# EXERCISE MATERIALS
=== Section Start ===
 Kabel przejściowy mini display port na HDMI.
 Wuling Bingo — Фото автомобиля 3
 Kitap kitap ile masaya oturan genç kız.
=== Section End ===
=== Section Start ===
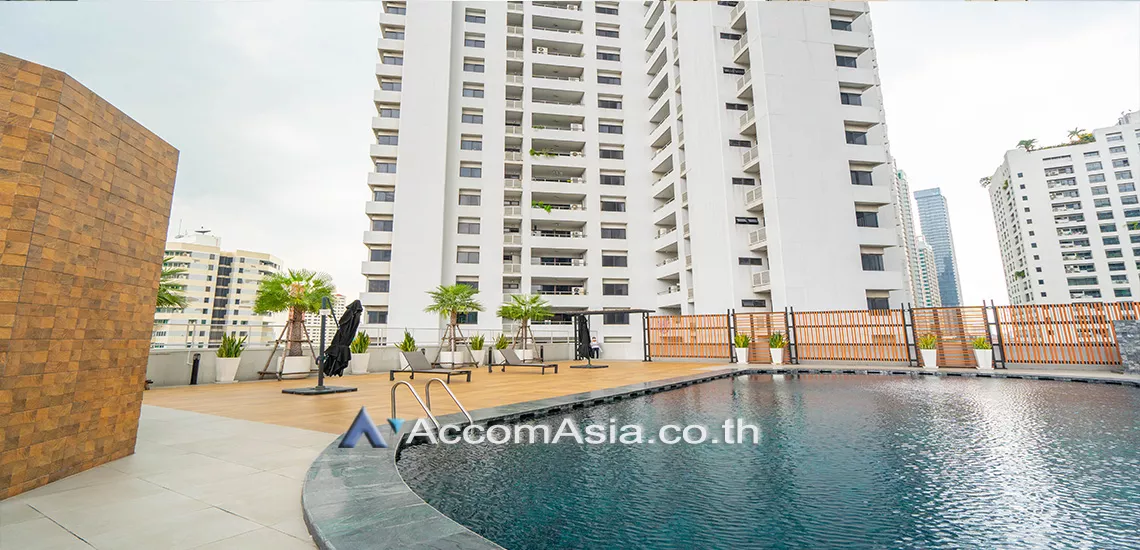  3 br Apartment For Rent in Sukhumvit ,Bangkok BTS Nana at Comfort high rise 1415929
=== Section End ===
# PROBLEM STATEMENT
Both the line containing "Kabel przejściowy mini display port na HDMI." and the line containing "Kitap kitap ile masaya oturan genç kız." belong in the answer. Print them and every line above that falls between them exactly, and no others.

# REPLY
 Kabel przejściowy mini display port na HDMI.
 Wuling Bingo — Фото автомобиля 3
 Kitap kitap ile masaya oturan genç kız.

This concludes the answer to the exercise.